Judgment of the lower court

Seoul High Court Decision 94Gu17750 delivered on June 14, 1995

Text

All appeals are dismissed. The costs of appeal are assessed against the plaintiffs.

Reasons

We examine the Plaintiffs’ grounds of appeal.

1. On the first ground for appeal

In full view of the provisions of subparagraphs 1, 2, and 4 of Article 2 of the Restitution of Development Gains Act (amended by Act No. 4563 of Jun. 11, 1993; hereinafter the same shall apply), and Article 5 of the Act, and Article 4 of the Enforcement Decree of the Act (amended by Presidential Decree No. 13718 of Aug. 25, 1992; hereinafter the same shall apply), the scope of the development project subject to the imposition of development charges (hereinafter referred to as the "charges") shall be determined based on the area of the land subject to the authorization, etc. under the relevant Acts and subordinate statutes, regardless of the area of the land belonging to the developer due to the implementation of the project, regardless of the area of the land belonging to the developer. The judgment below to the same purport is correct, and there is no violation of law

2. On the second ground for appeal

Where several persons jointly implement a specific development project that is subject to charges, whether the project is subject to imposition after adding up the total area thereof shall be determined on an individual basis even if the project scale is below 3,300 square meters. In addition, where co-owners jointly implement a development project for co-owned land, the scale of the project shall be based on the total area, and it shall not be determined based on the area corresponding to the share of each co-owner (see, e.g., Supreme Court Decisions 93Nu2037, Dec. 24, 1993; 93Nu13728, Apr. 25, 1995).

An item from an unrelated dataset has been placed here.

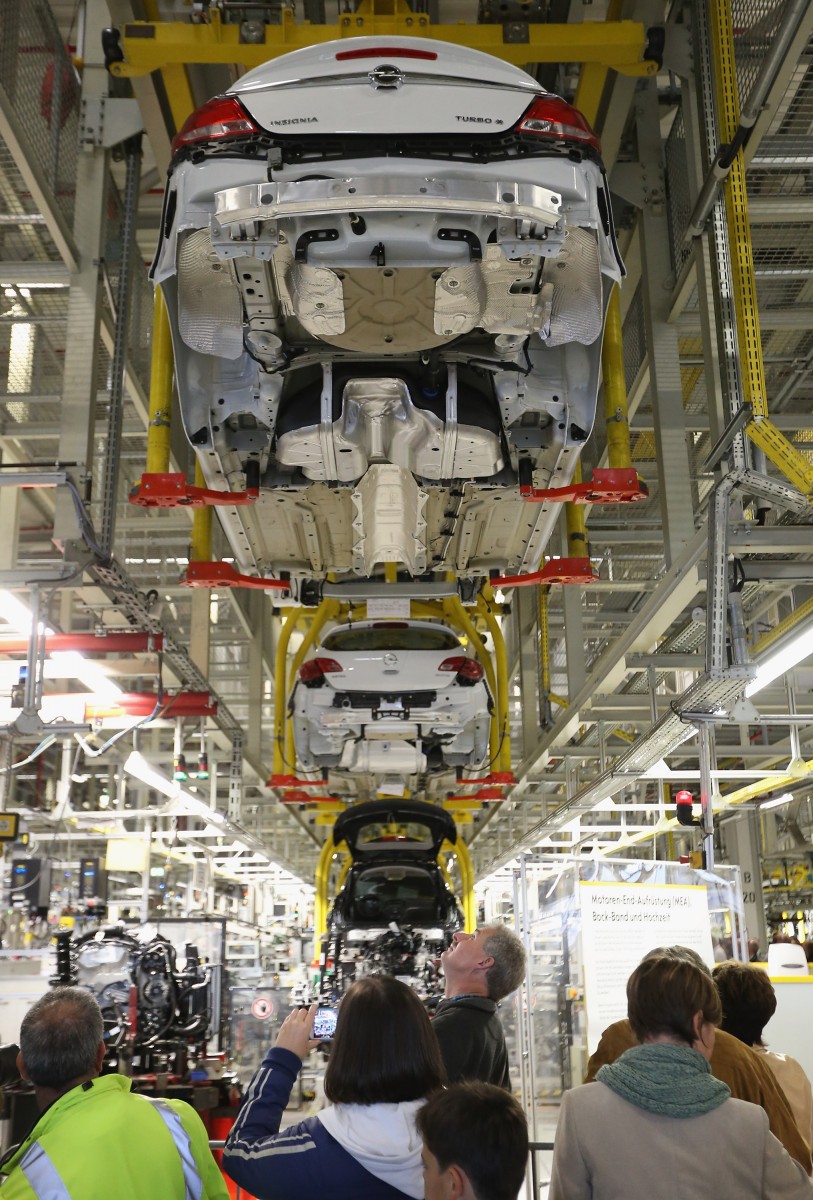 assembly line of the Opel Insignia car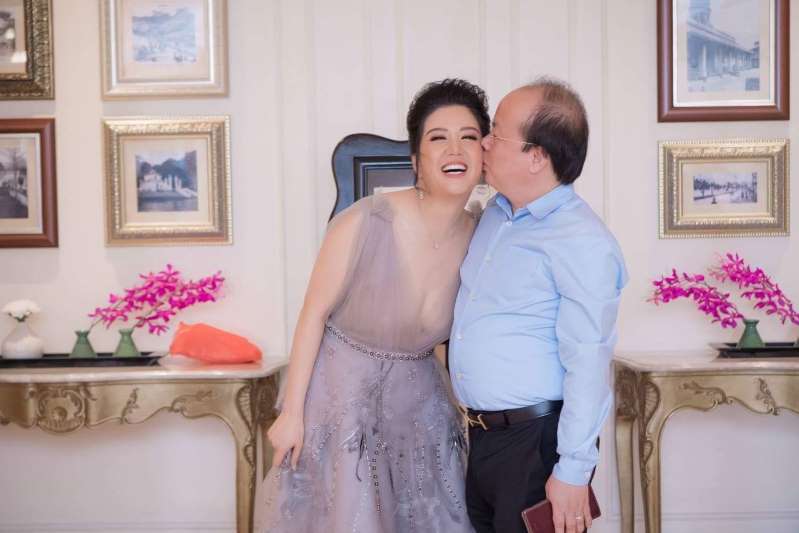 Cuộc tình của Đinh Hiền Anh và Thứ trưởng vừa bị kỷ luật cảnh cáo cuoc tinh cua dinh hien anh va thu truong vua bi ky luat canh cao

Examining the reasoning of the judgment below in comparison with the records, the court below, based on the macroficial evidence, jointly applied for change of form and quality with respect to the part of 4,425 square meters of land which is part of the land, and recognized the fact that the development project of this case was jointly implemented, and therefore, it is proper to determine that the development project of this case constitutes the business subject to the imposition of charges in accordance with the above legal principles, and there is no error of law of misconception of facts due to violation of the rules of evidence, such as theory of lawsuit, etc

3. On the third ground for appeal

According to the reasoning of the judgment below, the court below determined that the disposition of this case, which included the area (591m2) corresponding to the site subject to charges, among the areas subject to the approval of the execution of the development project of this case and the completion inspection, was legitimate. In light of the records and the relevant statutes, the judgment of the court below as above is proper, and there is no error of law such as misconception of facts or misunderstanding of legal principles as argued in the

4. On the fourth ground for appeal

In calculating charges for the development project of this case, the value of the road portion that the defendant donated to the defendant after the execution of the development project shall be deducted as development costs according to the provisions of Article 8 subparag. 3 and Article 11(1) subparag. 2 of the Act and Article 10(1) subparag. 6 of the Enforcement Decree.

However, according to the records, although the plaintiffs obtained the authorization of the execution of the development project on condition that the road portion created by the implementation of the development project of this case will be donated to the defendant, the defendant erred in calculating the charges for the development project of this case without deducting the value of the above part of the land as development costs, but this is merely a mistake in the legal relations or factual relations with the subject of the charges, so the disposition of this case's imposition of the charges of this case does not necessarily become null and void, on the ground that the above defects exist in the disposition of imposition of the charges of this case. The judgment below to the same purport is justified,

5. Therefore, all appeals are dismissed, and the costs of appeal are assessed against the losing party. It is so decided as per Disposition by the assent of all participating Justices on the bench.